Historisch betrachtet, war der Kleinbildfilm über Jahrzehnte das dominierende Aufnahmemedium, Negative und Dias haben das Aufnahmeformat 36 x 24 mm. Mit dem Aufkommen der Digitalfotografie wuchsen die anfangs deutlich geringeren Sensorabmessungen an, bis sie schließlich das Kleinbildformat erreichten, das nun auch als Vollformat bezeichnet wird. Dies soll unser Bezugs-Maßstab sein, denn die echten, physikalischen Brennweiten von Objektiven für unterschiedliche Sensorgrößen (APS-C, Micro Four Thirds, Mittelformate etc.) beziehen sich auf eben deren Bildformate.

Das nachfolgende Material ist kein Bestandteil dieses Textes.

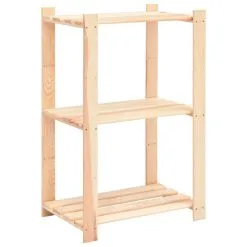 3-Tier Storage Rack 60x38x90 Cm Solid Pinewood 150 Kg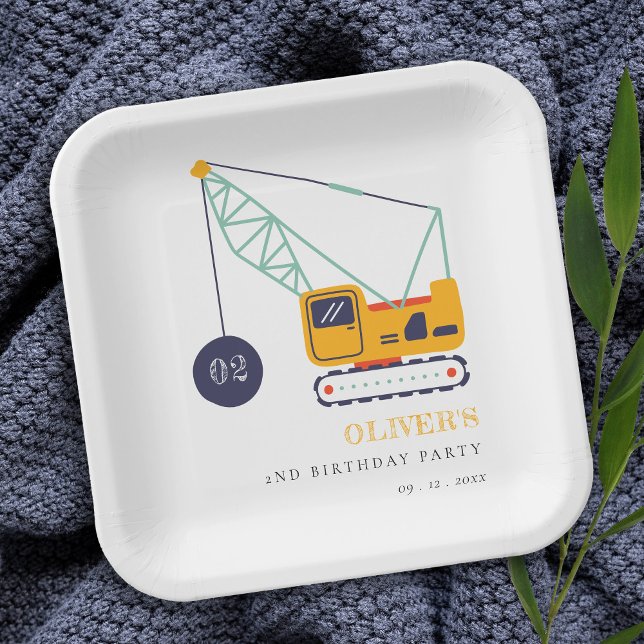 Cute Construction Crane Vehicle Any Age Birthday Paper Plates (Creator Uploaded)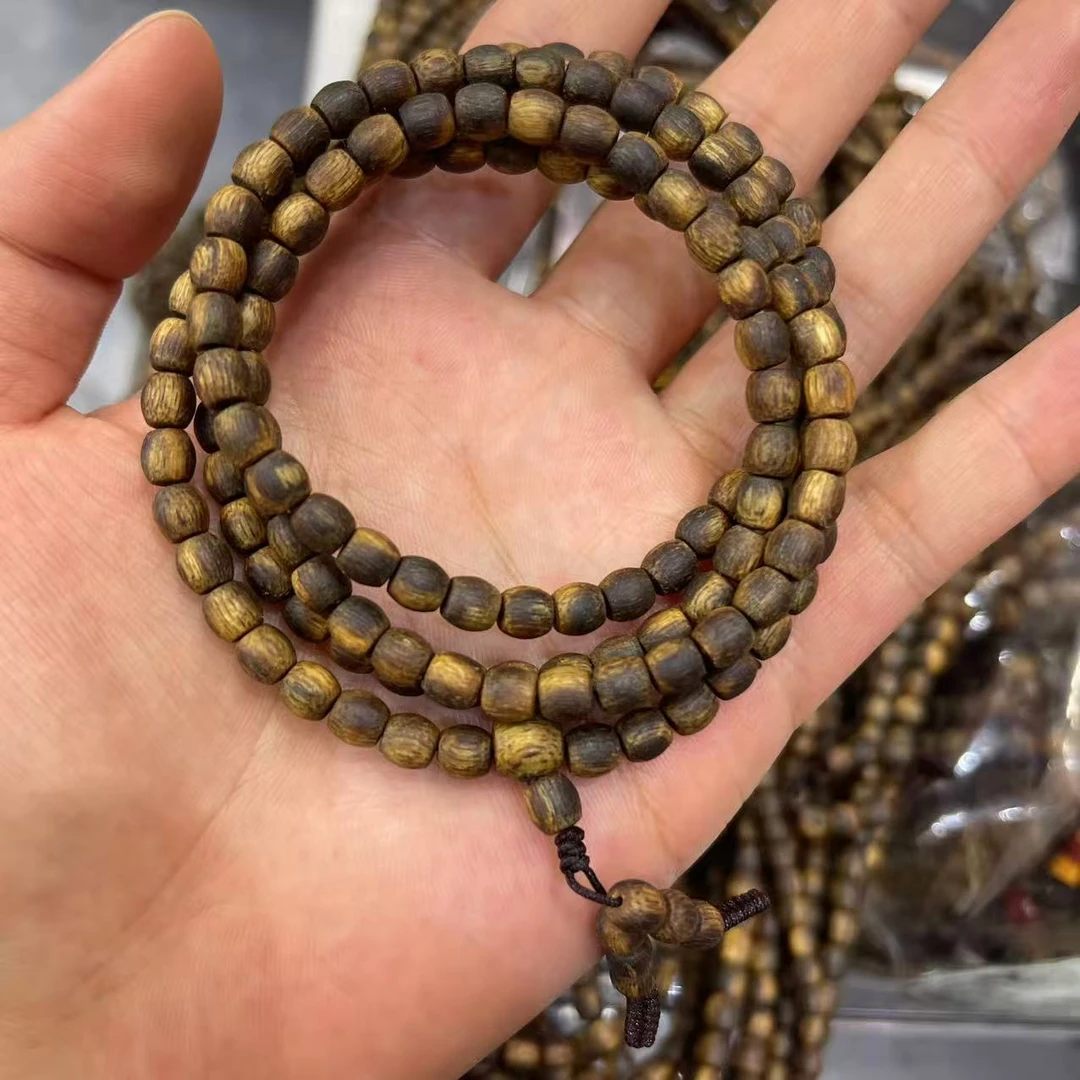 满江红 沉香手串母树嫁接第一茬/满红油乌身卡鼓珠5长串/珍藏级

Um Verwirrung zu vermeiden, wollen wir also immer über die kleinbildäquivalente Brennweite schreiben. Sie lässt sich bei Objektiven für andere Aufnahmegrößen als Vollformat über den sogenannten Crop-Faktor ermitteln. So rechnet man beispielsweise bei APS-C-Objektiven für Nikon oder Pentax mit 1,5x, bei Canon-APS-C mit 1,6x und bei Micro Four Thirds mit 2x.

Die unterschiedlichen Kamera-Sensoren Bei gleicher Brennweite führt ein kleinerer Sensor zu einem engerem Bildwinkel.

Bei gleicher Brennweite führt ein kleinerer Sensor zu einem engerem Bildwinkel.

Foto: © Andreas Jordan

Was ist die Brennweite bei Objektiven?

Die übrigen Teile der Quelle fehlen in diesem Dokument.